BOSTON — Harvard Law School professor Charles Nesson faces possible court sanctions for an Internet posting of deposition excerpts from his defense of a college student facing copyright infringement charges for illegal Internet music downloads.

Nesson is representing Boston University student Joel Tenenbaum in Capital Records Inc. v. Alaujan, a District of Massachusetts case that several record companies and the Recording Industry Association of America (RIAA) filed against the students.

On July 9, Nesson responded to Judge Nancy Gertner’s July 7 electronic order demanding a memo explaining why Tenenbaum or Nesson should not be sanctioned for Nessons’ posting of parts of a deposition on Harvard Law School’s Berkman Center for Internet & Society Web site.

Gertner noted that her oral and written orders “made clear” that deposition recordings were permitted but “not to be made public via the Internet.”

Nesson did not respond to calls and e-mails requesting comments. Debbie Rosenbaum, a Harvard Law School student attorney working with Nesson on the case, said in an e-mail that Nesson’s comments are in his brief.

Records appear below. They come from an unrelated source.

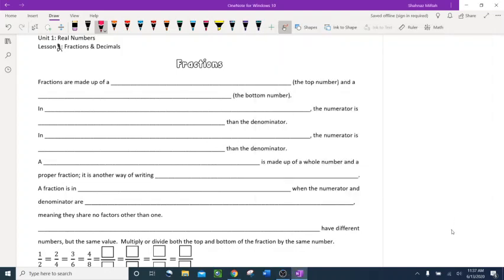Hello everybody, let's do unit 1 real numbers, lesson 2, which is about fractions and decimals. We'll also learn how to compare them, changing fractions into decimals and vice versa.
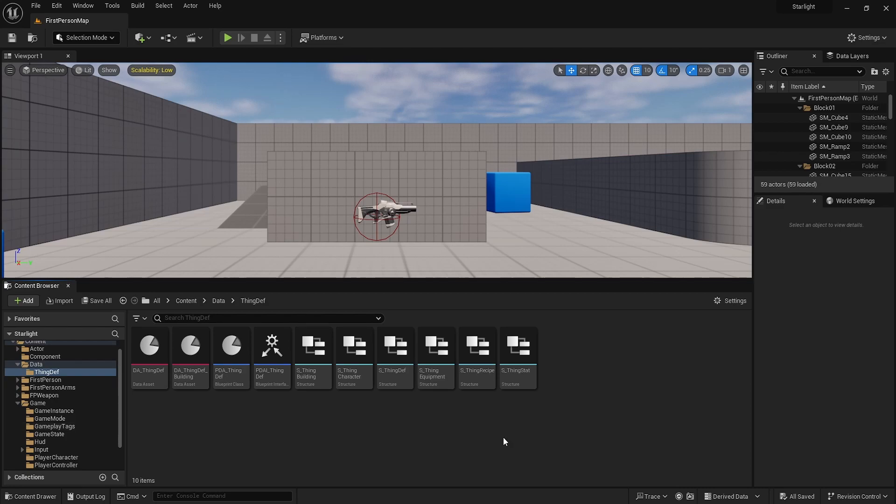Hello and welcome to a new Unreal Engine video. Today is going to be a bit of a short one and it's going to be very informative, I feel like.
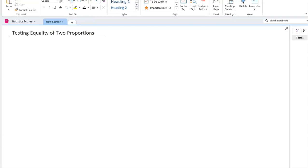Hello everyone, hope everyone is doing well. Today we are going to look at how to test the quality of two different proportions, or two proportions collected from two different samples.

The sanctions fight is one of several recent setbacks for Nesson. Last month, Gertner denied Tenenbaum’s counterclaims against all the plaintiffs and denied his bid to add the RIAA as a party to the counterclaims. 

In April, the U.S. Court of Appeals for the 1st Circuit reversed a Gertner order to allow Webcasting of a hearing in the case. The 1st Circuit ruled that the confluence of a local rule, a Judicial Conference of the United States policy and a 1st Circuit Judicial Council resolution barred gavel-to-gavel Webcasting. 

Nesson’s brief about the sanctions stated that he “felt it necessary to approach (but hopefully not cross)” the court’s authority to circumscribe his and his client’s liberty “to record the history of the process to which he is forced to submit.”

Nesson’s memo also rebutted the plaintiffs’ assertions that he made secret recordings of the depositions. He also noted that the posting is on his blog, which the Berkman Center does not endorse or review.

Nesson’s memo claimed he only posted about six minutes of the plaintiffs’ lawyer’s remarks to himself and the witness, another Harvard Law professor affiliated with the Berkman Center.

According to Nesson’s memo, the remarks showed how the plaintiffs’ lawyers were trying to limit how the two professors could write about the event on blogs and through Twitter. “Plaintiffs counsel’s attempts to restrict the witness and myself from expressing ourselves this way is, I hope, outside the letter and scope of the Court’s order,” stated Nesson. “My Internet posting of my objections relates only to the issues of free speech and public access. What is posted is not testimony from the deposition and was neither intended to nor capable of tainting the jury pool.”

Nesson’s memo also insists that the plaintiffs’ motion for sanctions “should be seen for what it is: a tactic to distract and sap the energy, and resources and reputations of those they oppose.”

The RIAA, which comments on behalf of the plaintiffs’ lawyers in the case, called the allegations “absurd.”

Jennifer Pariser, the RIAA’s senior vice president of legal affairs, said that its ongoing battle with opposing counsel about his defiance of court orders during every deposition is what’s distracting. “And that follows the massive waste of time committed to counsel’s effort have the court proceedings broadcast,” Pariser said. “Professor Nesson even cited that effort as an excuse for missing discovery deadlines in the case. We have been trying to get this case focused on the merits for months, to little avail.”

On July 6, the plaintiffs’ lawyers filed their own motion for sanctions and motion to compel the defense lawyers from making unauthorized recordings.

In that motion, the plaintiffs’ side asked the court to take several steps against Nesson, including imposing monetary sanctions; ordering him to remove case-related discovery materials from the Internet; banning him from making future unofficial recordings; ordering him to destroy copies of a certain deposition video recording; and ordering that the discovery materials can only be used for this litigation.

The memo called Nesson’s disregard for the court’s orders concerning recording “extraordinarily time-consuming and distracting.”

“Plaintiffs and their counsel…have no desire for their faces and voices to become part of a large web-campaign led by Mr. Nesson and the Berkman Center nor part of Mr. Nesson’s future teaching materials,” stated the plaintiffs’ memo. “The law allows Plaintiffs to opt out of such spectacle, and the Plaintiffs and their counsel have repeatedly indicated that they do not consent to the recordings.”